INSTRUCTIONS FOR THE TASK — Each record must be returned exactly, apart from the pictures, which stay out.

Dataset records:
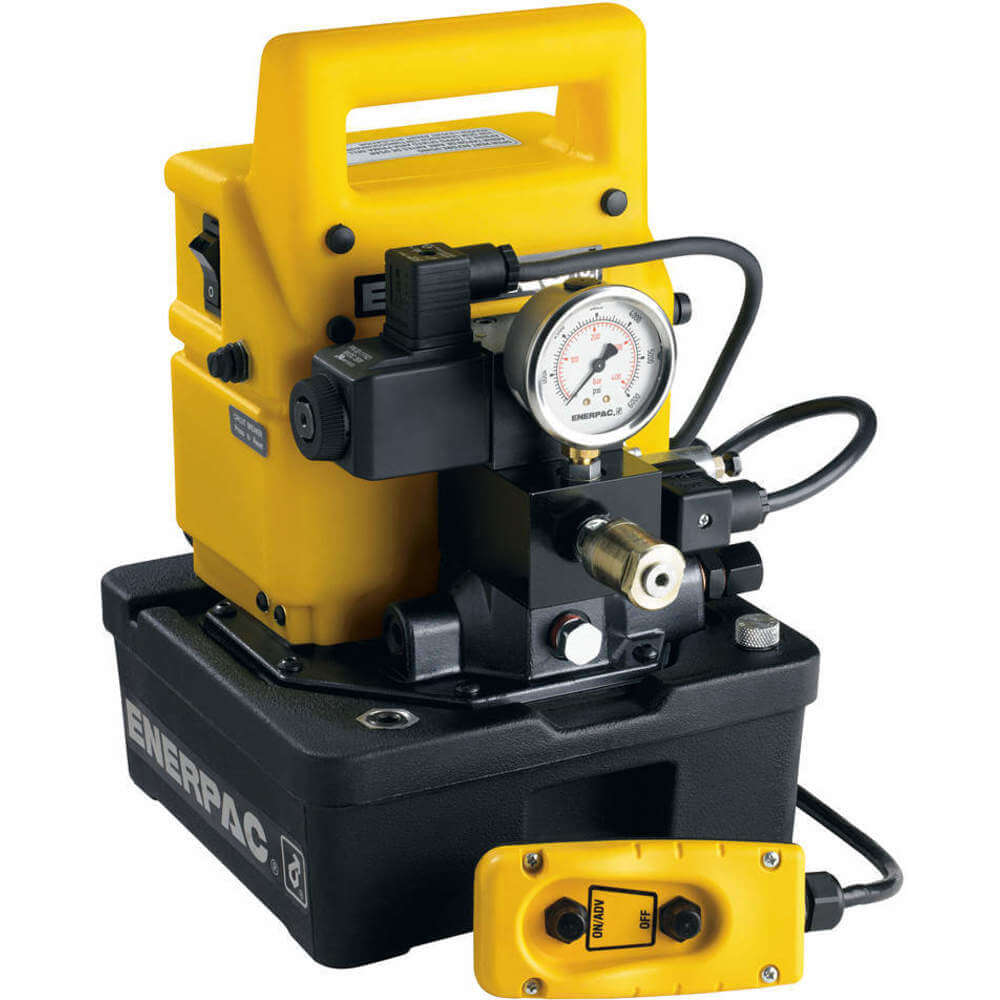 Enerpac WUD1300B Economy Electric Hydraulic Pump, Dump Valve, 0.5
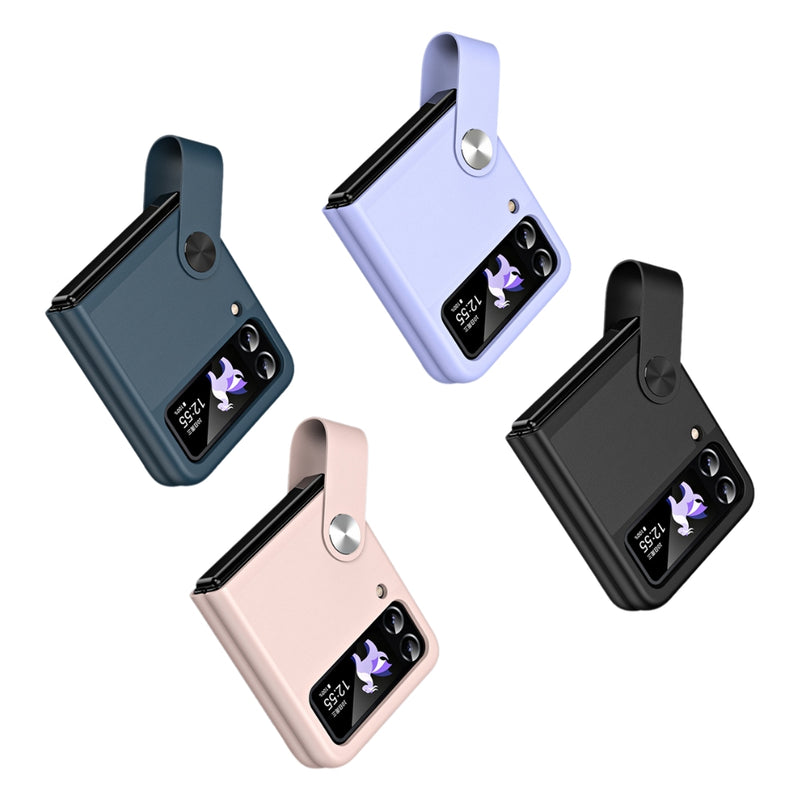 Chargez l&#39;image dans la visionneuse de la galerie, Samsung Galaxy Z Flip 5 (SM-F731) - PU Leather Handheld Stand Phone Case
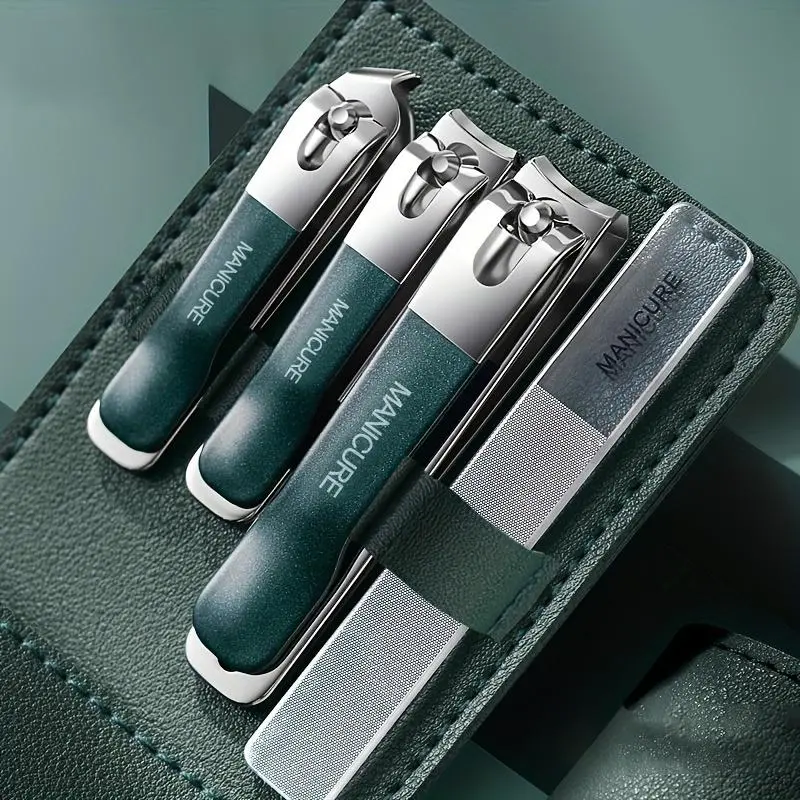 Professional Nail Clipper Set, 4 Counts/set Portable Nail Scissors, Stainless Steel Manicure Pedicure Tool 0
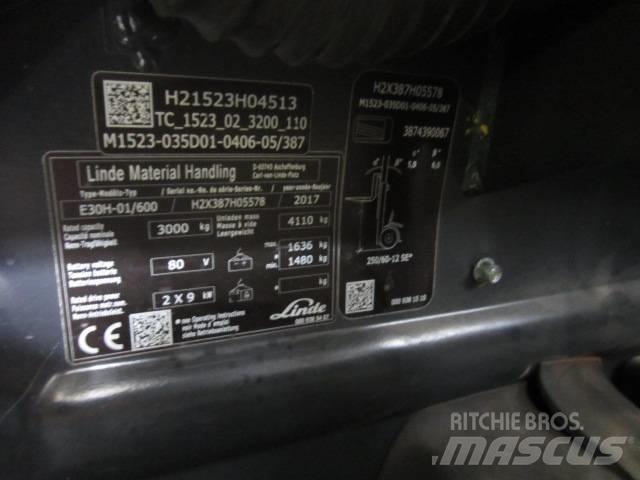 Linde E30H Elektriskie iekrāvēji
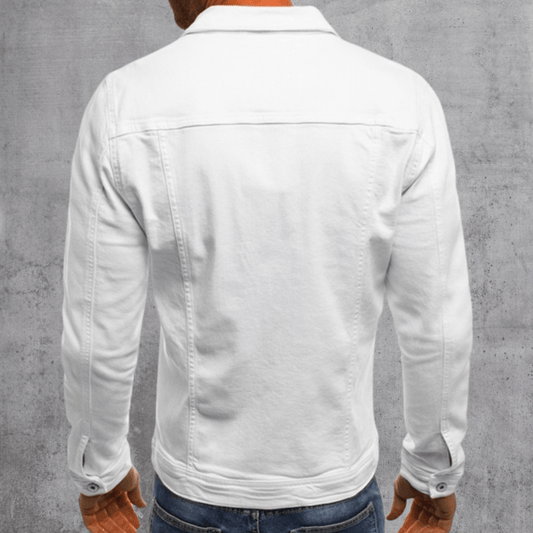Norvielle Herren Denimjacke Trendig Blau - Norvielle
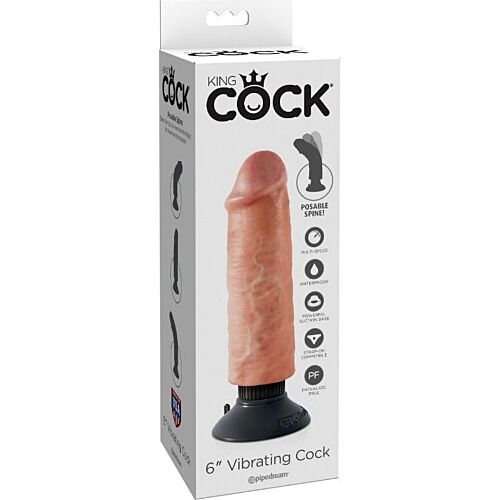 Vibraattori King Cock 15,24 cm realistinen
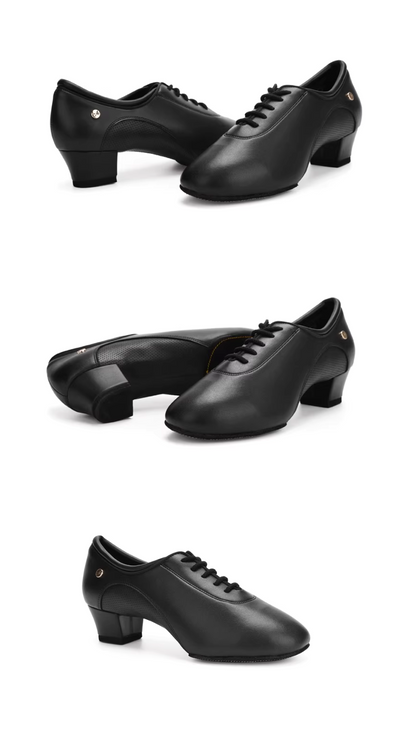 ADS Men's Black Patent Leather Latin Dance Shoes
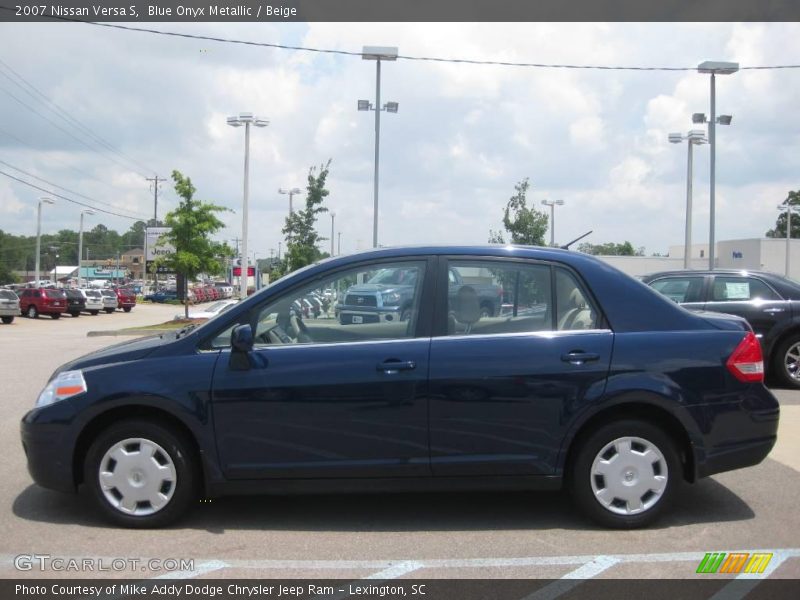 Blue Onyx Metallic / Beige 2007 Nissan Versa S
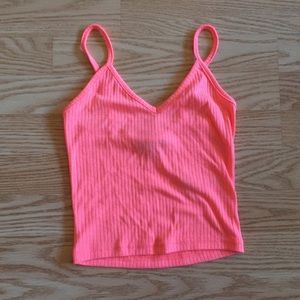 Pink crop spaghetti strap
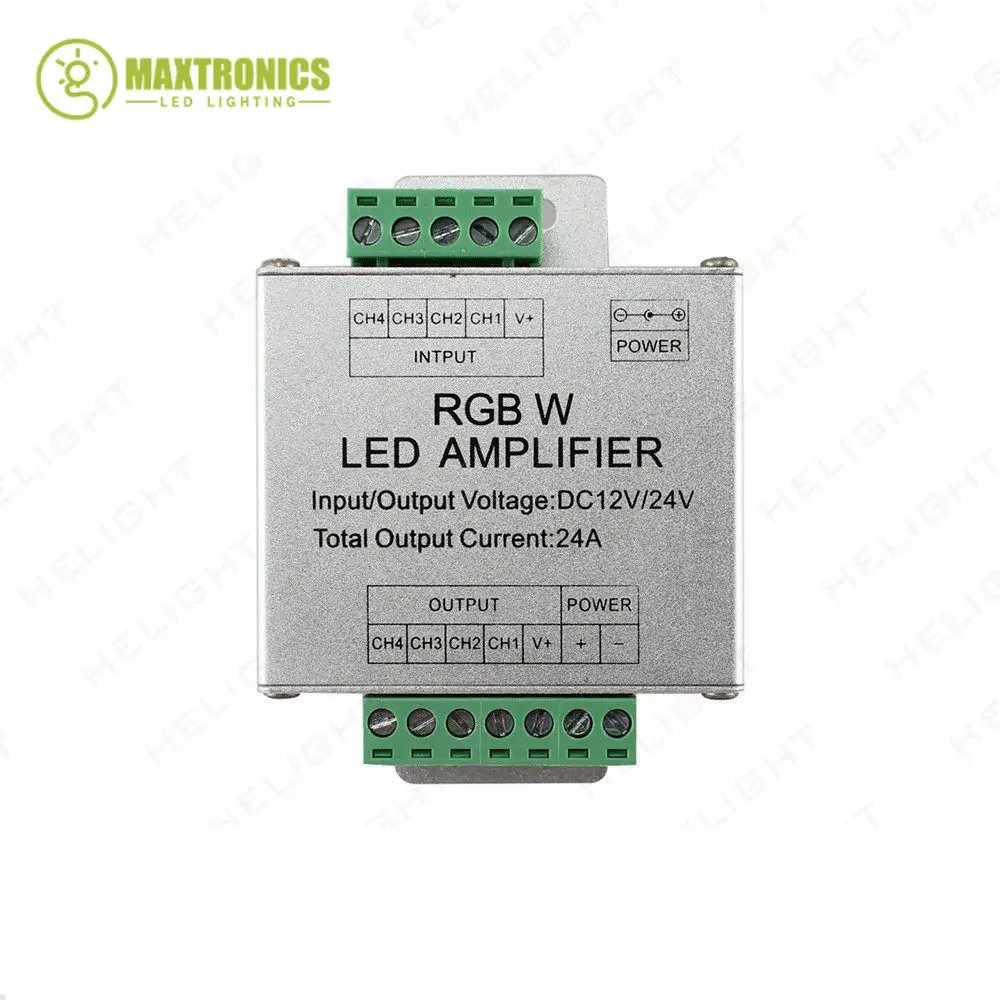 LED Amplifier Controller 12A/24A/30A/50A Single Color/RGB/RGBW/RGBWW RGB+CCT 1CH/3CH/4CH/5CH Strip Power Repeater DC5V12V/24V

OUTPUT FOR THIS TASK —
 Enerpac WUD1300B Economy Electric Hydraulic Pump, Dump Valve, 0.5
 Chargez l&#39;image dans la visionneuse de la galerie, Samsung Galaxy Z Flip 5 (SM-F731) - PU Leather Handheld Stand Phone Case
 Professional Nail Clipper Set, 4 Counts/set Portable Nail Scissors, Stainless Steel Manicure Pedicure Tool 0
 Linde E30H Elektriskie iekrāvēji
Norvielle Herren Denimjacke Trendig Blau - Norvielle
 Vibraattori King Cock 15,24 cm realistinen
 ADS Men's Black Patent Leather Latin Dance Shoes
 Blue Onyx Metallic / Beige 2007 Nissan Versa S
 Pink crop spaghetti strap
 LED Amplifier Controller 12A/24A/30A/50A Single Color/RGB/RGBW/RGBWW RGB+CCT 1CH/3CH/4CH/5CH Strip Power Repeater DC5V12V/24V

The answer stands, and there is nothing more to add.